I am debugging my program and I am confused as to why one of my statements is evaluating to false. I am checking if the second to last index in my array (which is a string) starts with '\' character. I am writing an interpreter for post script and so this helps me determine whether or not the user is defining a variable ex: \x. My if statement that is checking this for me is evaluating to false and I cannot figure out why. Any thoughts?

def psDef():
   if(opstack[-2].startswith('\\')):   # this is evaluating to false for some reason
       name = opPop() #pop the name off the operand stack
       value = opPop() #pop the value off the operand stack
       define(name, value)
   else:
       print("Improper use of keyword: def")

def testLookup():
   opPush("\n1")
   opPush(3)
   psDef()
   if lookup("n1") != 3:
       return False
   return True

Answer 1

Have a look at String literals

The backslash (\) character is used to escape characters that otherwise have a special meaning, such as newline, backslash itself, or the quote character.

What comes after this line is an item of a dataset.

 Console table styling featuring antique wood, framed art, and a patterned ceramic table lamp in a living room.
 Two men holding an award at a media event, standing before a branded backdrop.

\n means ASCII Linefeed (LF).So to display a backslash in a string literal you need to escape the backslash with another backslash.

like opPush("\\n1")

Hope this helps.

Answer 2

@McGrady has already pointed out your error. If you change this line:

 opPush("\n1")

to something like:

 opPush("\\n1")

you'll probably get what you want.

Answer 3

By default Python accepts backslash escape sequences in strings. \n becomes a newline.

To get an actual sequence of \ and n you can use a double backslash: '\\n' or mark the string as "raw": r'\n'.